Exercise prompt: The records that follow are to be transcribed in full, without their images.

Given data:
:::::
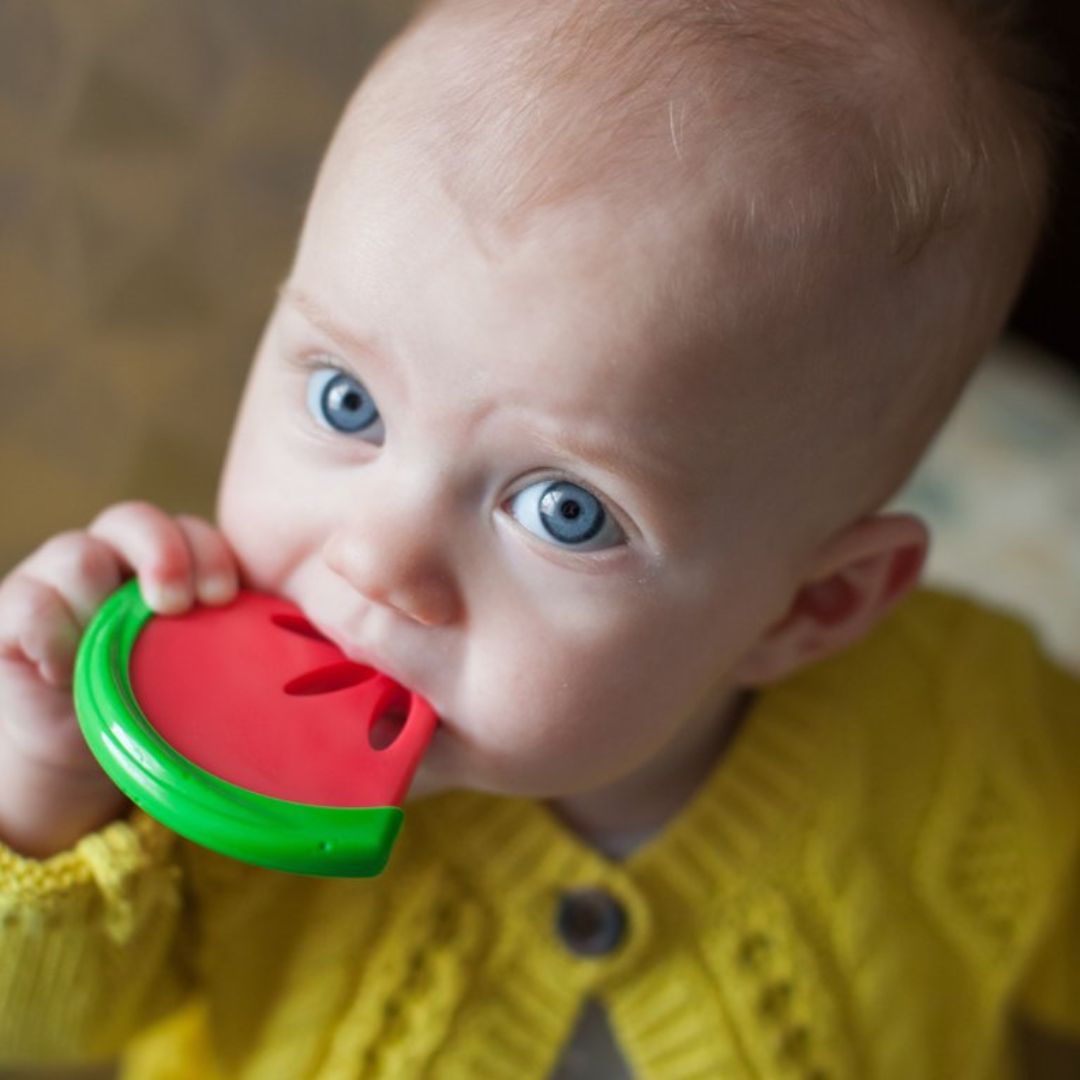 Dr. Brown's Coolees Baby Teether - Watermelon
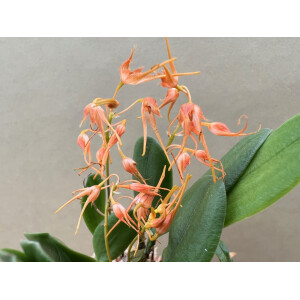 Bulbophyllum taiwanense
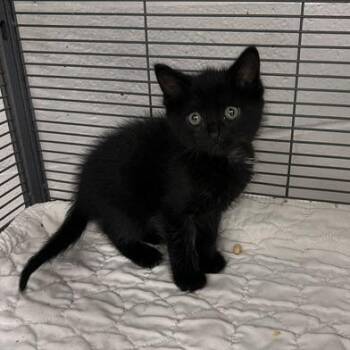 Atlas-C -  Domestic Short Hair Cat for Adoption in East St. Louis, Illinois - Atlas-C | PetCurious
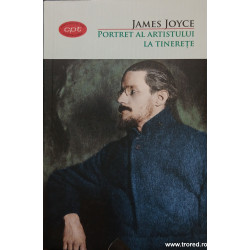 Portret al artistului la tinerete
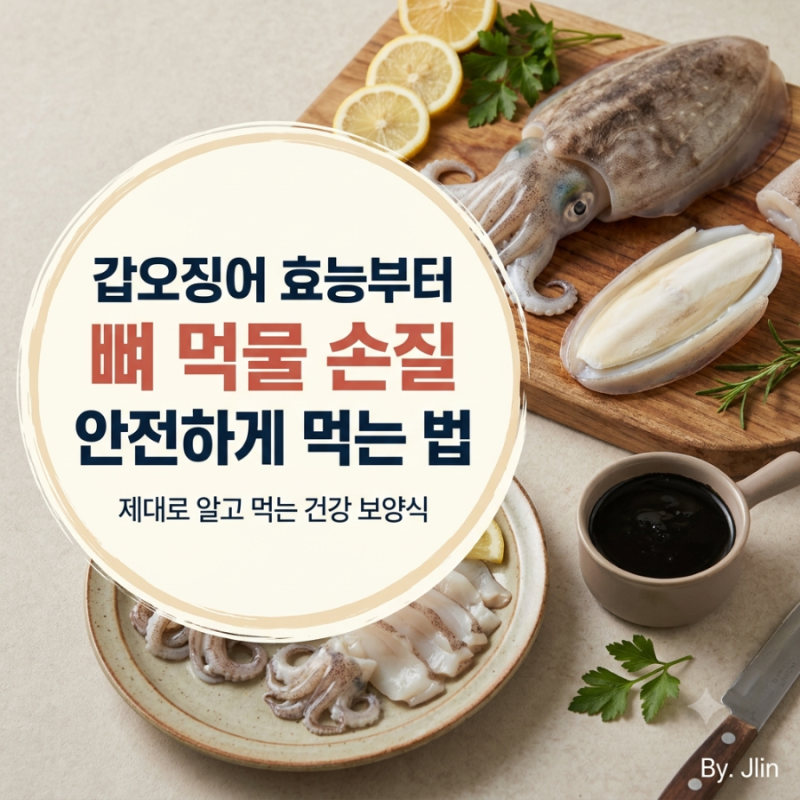 갑오징어 효능부터 뼈·먹물까지, 안전하게 손질하고 먹는 법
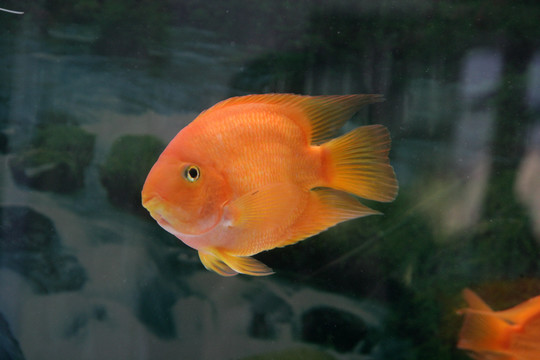 觀賞魚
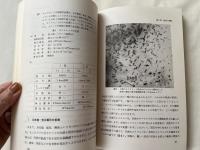小さな石にも 歴史と個性がある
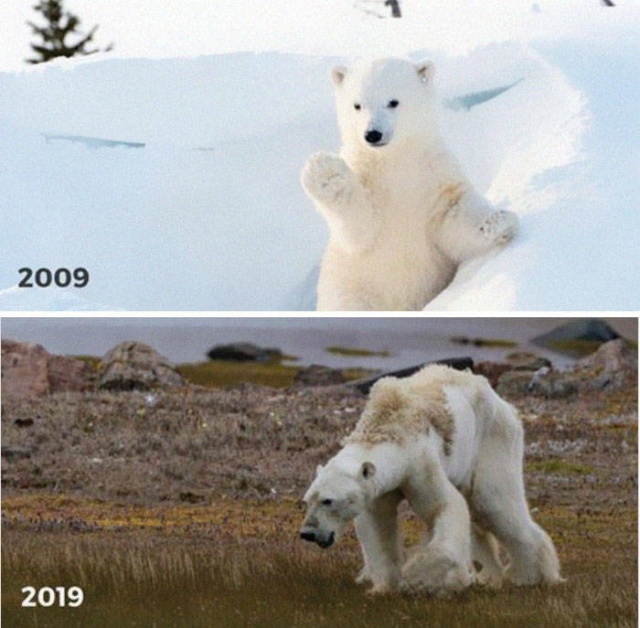 10-Year Challenge In Nature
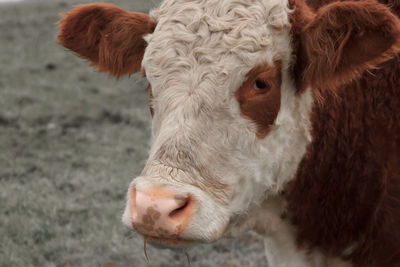 Close up of curly hereford cow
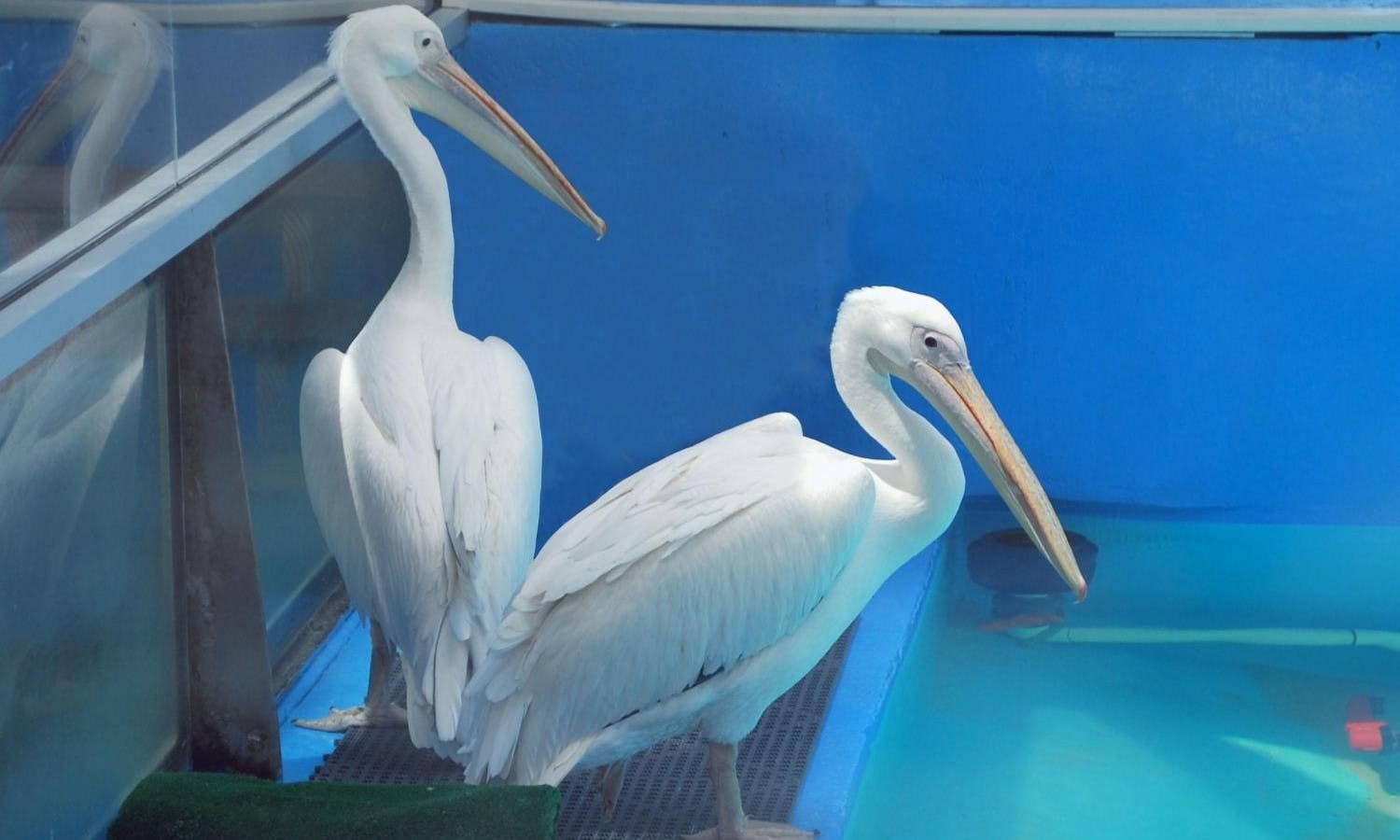 clearwater marine aquarium - tickets - pelicans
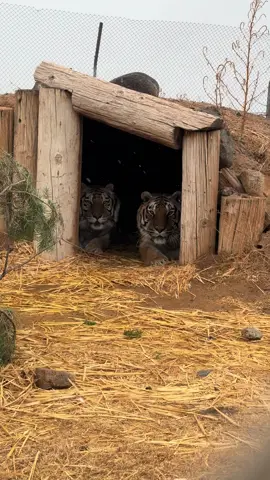 I wish i could stay inside when it snows too. 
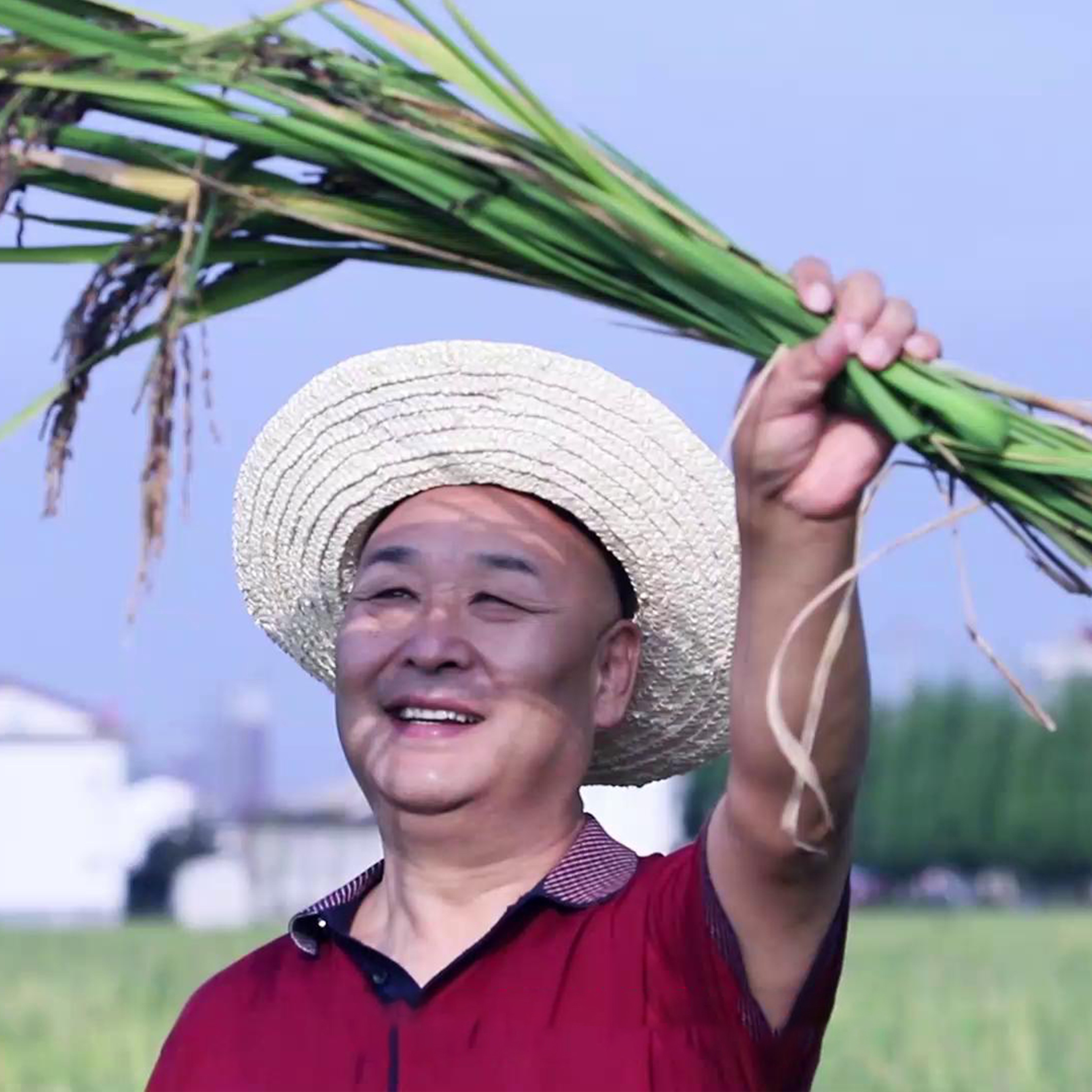 洋縣雙亞周大黑-生產(chǎn)加工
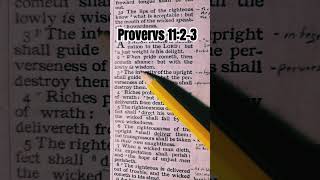 Proverbs 1123 proverbs wisdom bible verseoftheday [upl. by Jeffries]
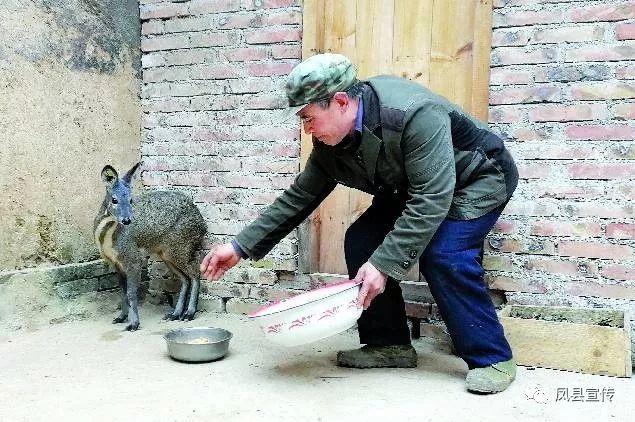 凤县 刘家庄 村 致富经_栖霞臧家庄有几个村_栖霞市臧家庄镇南翁村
:::::
Exercise result:
 Dr. Brown's Coolees Baby Teether - Watermelon
 Bulbophyllum taiwanense
 Atlas-C -  Domestic Short Hair Cat for Adoption in East St. Louis, Illinois - Atlas-C | PetCurious
 Portret al artistului la tinerete
 갑오징어 효능부터 뼈·먹물까지, 안전하게 손질하고 먹는 법
 觀賞魚
小さな石にも 歴史と個性がある
 10-Year Challenge In Nature
 Close up of curly hereford cow
 clearwater marine aquarium - tickets - pelicans
 I wish i could stay inside when it snows too. 
 洋縣雙亞周大黑-生產(chǎn)加工
 Proverbs 1123 proverbs wisdom bible verseoftheday [upl. by Jeffries]
 凤县 刘家庄 村 致富经_栖霞臧家庄有几个村_栖霞市臧家庄镇南翁村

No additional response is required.